In my current amp i have 2 relays and 2 power inputs.
power input 1 = MAIN high wattage power input for 500va toroidal.
power input 2 = low wattage 220V input feeding small 9V transformer. This is fed from my surround sound processor aux output.
You get a real el cheapo 200 to 500mA 9V AC transformer. This feeds the power to to the lm555 which after x time (I used 100ms) switches on relay 2 which bridges the resistor.
In my current amp i have 2 relays and 2 power inputs.
power input 1 = MAIN high wattage power input for 500va toroidal.
power input 2 = low wattage 220V input feeding small 9V transformer. This is fed from my surround sound processor aux output.
An extra, non audio, transformer used to power all the other circuits that can be optionally used in a Power Amplifier is a good addition.
It is cheap and it is small and it is light and generally it keeps some extra interference out of the audio PSU.
But it is not zero cost. Some will do anything "on the cheap" irrespective of what it does or doesn't do for the quality of the audio.
It is cheap and it is small and it is light and generally it keeps some extra interference out of the audio PSU.
But it is not zero cost. Some will do anything "on the cheap" irrespective of what it does or doesn't do for the quality of the audio.
What i am getting at is:
In the above circuit 3 x mje350 comes VERY close to the cost of a small 9V transformer.
other than that you need
lm555 dip ic
small bridge rectifier
220uF capacitor (should be enough you might have to experiment)
a few 1n4007 for the relay back emf
and around 1uF and 22K (i think) for the 100ms timer.
In the above circuit 3 x mje350 comes VERY close to the cost of a small 9V transformer.
other than that you need
lm555 dip ic
small bridge rectifier
220uF capacitor (should be enough you might have to experiment)
a few 1n4007 for the relay back emf
and around 1uF and 22K (i think) for the 100ms timer.
I think you have overlooked the fact that there are two separate mechanisms at work here and both need addressing.
They happen over very different time periods and I believe that two separate systems should be used to control the peak currents due to the different phenomena.

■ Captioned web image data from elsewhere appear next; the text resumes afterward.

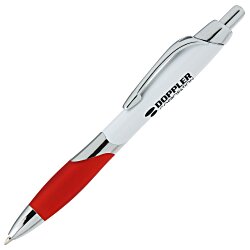 View a larger, more detailed picture of the Royal Jewel-Tone Gel Pen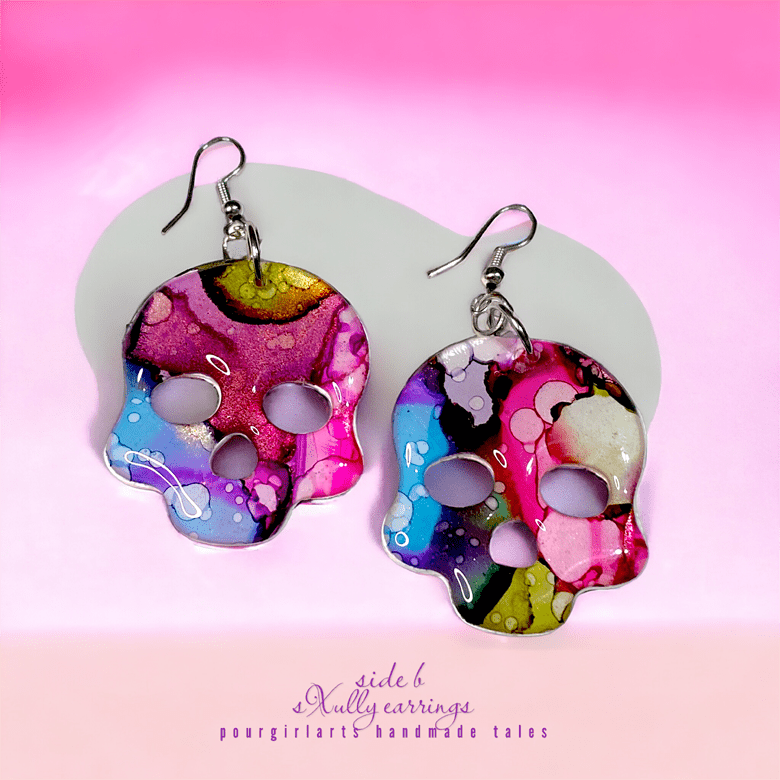 BUBBLE GUM 8 - HANDMADE TALES by POURGIRLARTS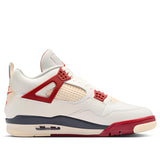 Air Jordan 4 Retro OG x Nigel Sylvester 'Brick After Brick'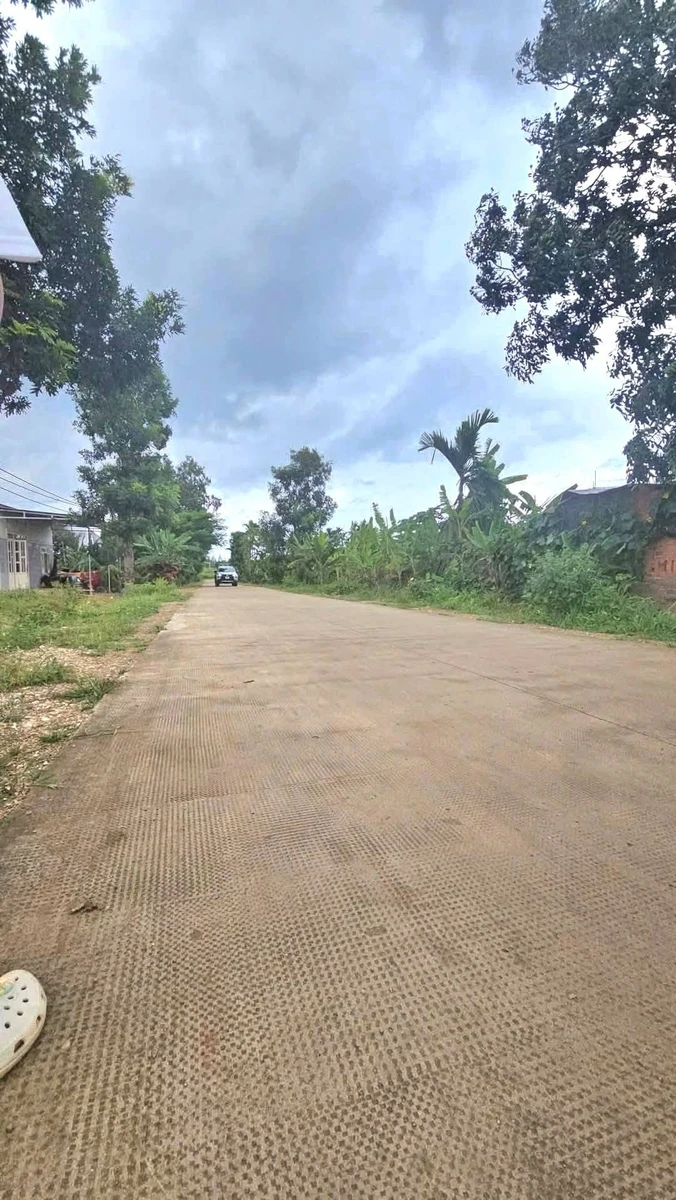 Bán đất nền 247m² thổ cư 200m² Đắk Nông - Ảnh thu nhỏ 4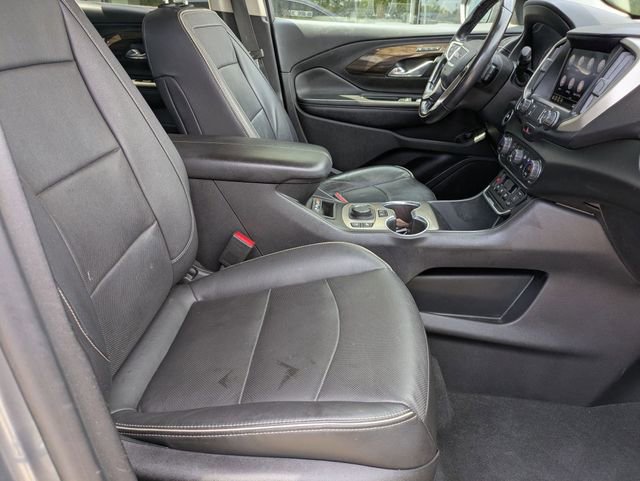 Used 2019 GMC Terrain Denali w/ Advanced Safety Package image 29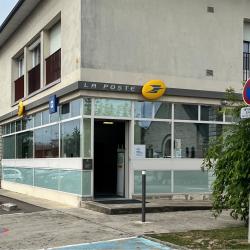La Poste - Centre D'examen Du Code De La Route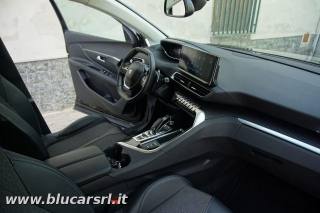 PEUGEOT 3008 usata 9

At start up the transformer core has no or little flux in it. This results in a very short term current into the primary of the transformer to establish the core flux. This is all complete in a few cycles of the mains waveform. Since each cycle lasts 17ms or 20ms, the system should be done with and bypassed at about 100ms to 300ms.

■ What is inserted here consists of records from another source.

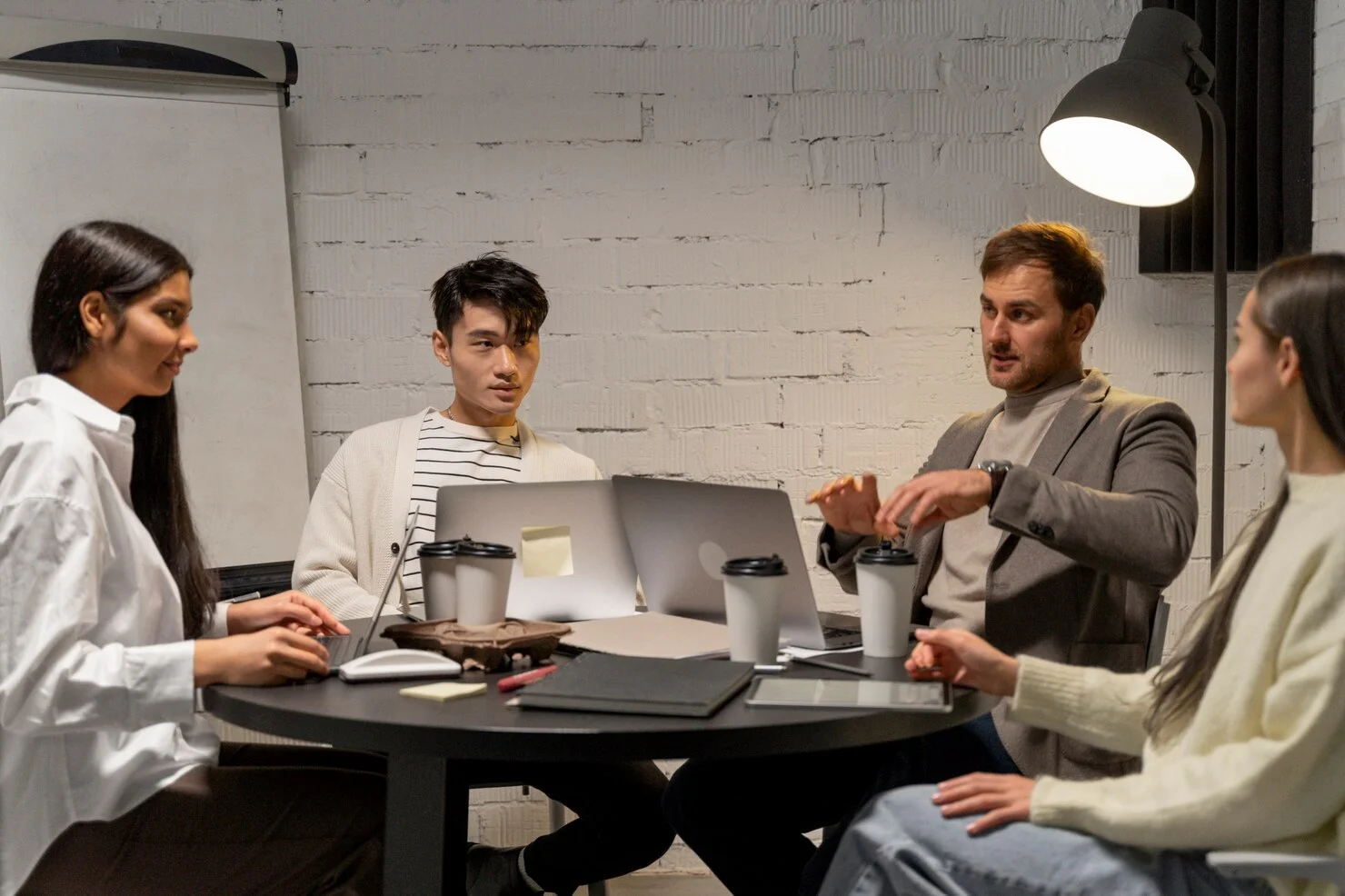 Meeting Rooms
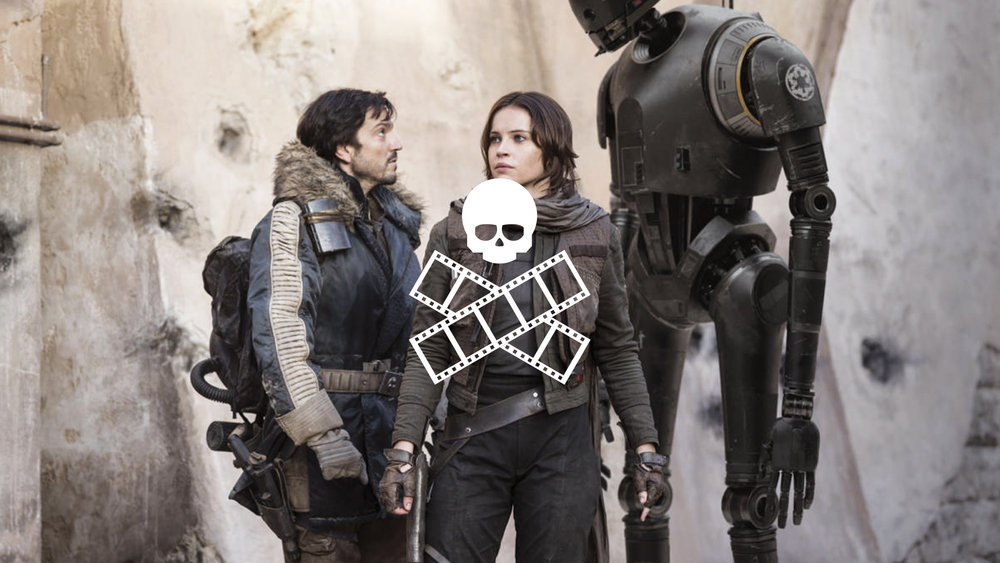 86. Rogue One: A Star Wars Story
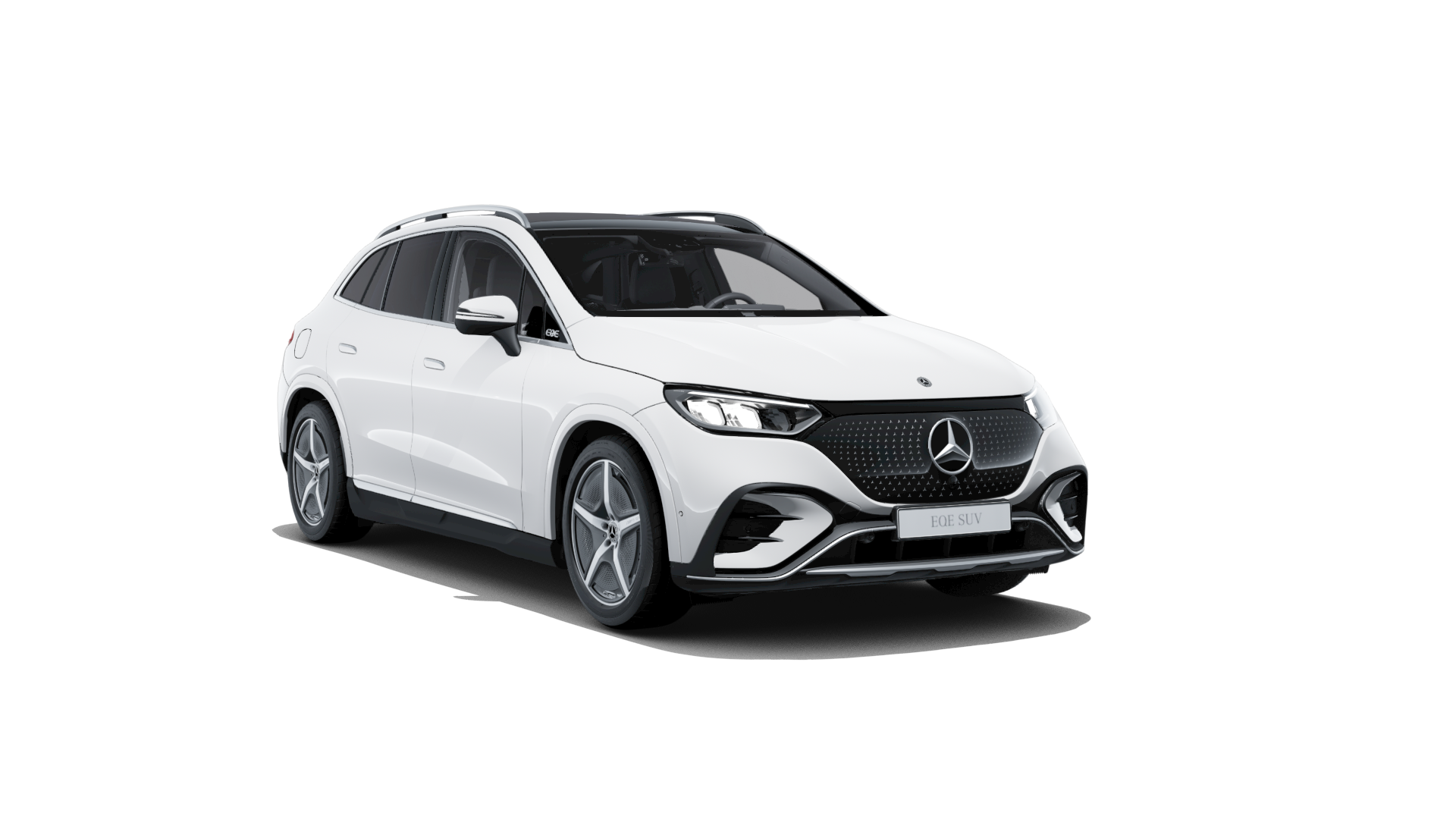 EQE SUV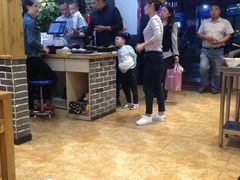 -王如意油茶(信旺·华府骏苑店)
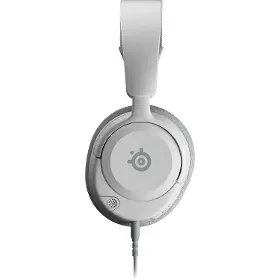 Slúchadlá - SteelSeries Arctis Nova 1 - White - 12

This is the soft start that all transformers and motors need if we are to avoid the typical starting fuse rating of ~3times the maximum rated transformer current.
480VA on 240Vac is 2Aac. The normal fuse without a soft start is ~6A. typically we use T4A, or T5A or T6A.
If we use a soft start system then that starting fuse can be reduced by a factor of three. Say between T1.6A to T2A for a 480VA 220/240Vac transformer.
When you have an auxiliary supply I would suggest a properly timed delay using a timer IC (555 are cheap and easy) of 100ms to 250ms to power a rely that bypasses the current reducer after the flux has been established.
You can use a combination of Power Resistors and/or Power Thermistors.
A 120r Power Resistor on the mains side of the Primary will get hot very quickly!!!
The second reason for high current soon after the transformer starts up is the charging of the smoothing capacitance. This happens over a period of hundreds of milliseconds to many seconds. The lower the current limit, the longer it will take.
I believe this second current surge is best met by a slow charge system timed to bypass after 1s to 10s depending on charge rate and limiting method.
Again an IC timer is better for controlled delay.
This slow charge current limiting can be done on either the primary or secondary of the transformer. I have never needed it, but my biggest capacitor bank is only +-75mF and it does not blow the close rated starting fuse (T4A for 1000VA).
If resistors are used then as soon as the resistor is bypassed the current rises instantaneously to complete the charging process. If this resistor is in the primary it will overheat. Don't.
If the resistor is in the secondary then I'd suggest that the resistor be progressively reduced over an extended period to avoid that third current peak after bypassing the slow charge.
If you choose to use Power Thermistors for slow charge, (I believe PTC are ideal for this duty) then they can be fitted in either the Primary or the secondary. Again they must be bypassed but in this case the resistance falls as the Thermistor heats during the charge build up and then the Thermistor resistance value increases again as the caps reach full charge. The current surge on bypassing is much less then with resistors. You can use longer delays here without overheating consequences. One CL60 on the 220/240primary will not do enough to allow reducing the fuse to close rated. Two series connected might just about let the fuse survive, But I suspect some experimentation will be required, particularly if you combine the soft start with the slow charge and try to do the whole current limiting with one timed delay system.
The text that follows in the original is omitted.